__EXERCISE PROMPT__:
Please reproduce exactly the line that carries "Greece wildfire consumes 100,000 acres" and all remaining lines through the last line of the data, and write nothing else.

__INPUT DATA__:
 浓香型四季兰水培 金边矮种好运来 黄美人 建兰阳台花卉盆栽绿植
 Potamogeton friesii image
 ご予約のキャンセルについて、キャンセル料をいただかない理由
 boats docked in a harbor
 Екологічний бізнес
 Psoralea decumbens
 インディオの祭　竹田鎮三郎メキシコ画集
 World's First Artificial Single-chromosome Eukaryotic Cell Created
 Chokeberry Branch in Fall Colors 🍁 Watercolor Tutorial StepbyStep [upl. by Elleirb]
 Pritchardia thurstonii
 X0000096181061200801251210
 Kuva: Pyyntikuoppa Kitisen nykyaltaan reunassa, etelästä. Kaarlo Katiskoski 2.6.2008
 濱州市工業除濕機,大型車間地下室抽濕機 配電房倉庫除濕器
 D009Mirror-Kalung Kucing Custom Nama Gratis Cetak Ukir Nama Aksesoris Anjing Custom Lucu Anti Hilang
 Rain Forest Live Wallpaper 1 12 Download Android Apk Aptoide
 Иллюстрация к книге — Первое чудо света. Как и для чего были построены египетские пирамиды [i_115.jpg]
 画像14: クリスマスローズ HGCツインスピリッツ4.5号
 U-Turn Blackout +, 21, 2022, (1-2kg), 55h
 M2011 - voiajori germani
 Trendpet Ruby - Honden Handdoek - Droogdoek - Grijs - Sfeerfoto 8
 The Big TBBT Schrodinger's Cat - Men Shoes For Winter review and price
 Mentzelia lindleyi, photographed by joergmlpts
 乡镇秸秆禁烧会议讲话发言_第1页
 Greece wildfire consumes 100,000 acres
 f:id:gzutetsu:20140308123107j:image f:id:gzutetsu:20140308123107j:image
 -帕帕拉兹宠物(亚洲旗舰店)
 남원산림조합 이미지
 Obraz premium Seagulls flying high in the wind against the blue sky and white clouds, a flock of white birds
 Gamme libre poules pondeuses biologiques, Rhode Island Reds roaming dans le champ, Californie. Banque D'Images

__ANSWER TO THIS PROBLEM__:
 Greece wildfire consumes 100,000 acres
 f:id:gzutetsu:20140308123107j:image f:id:gzutetsu:20140308123107j:image
 -帕帕拉兹宠物(亚洲旗舰店)
 남원산림조합 이미지
 Obraz premium Seagulls flying high in the wind against the blue sky and white clouds, a flock of white birds
 Gamme libre poules pondeuses biologiques, Rhode Island Reds roaming dans le champ, Californie. Banque D'Images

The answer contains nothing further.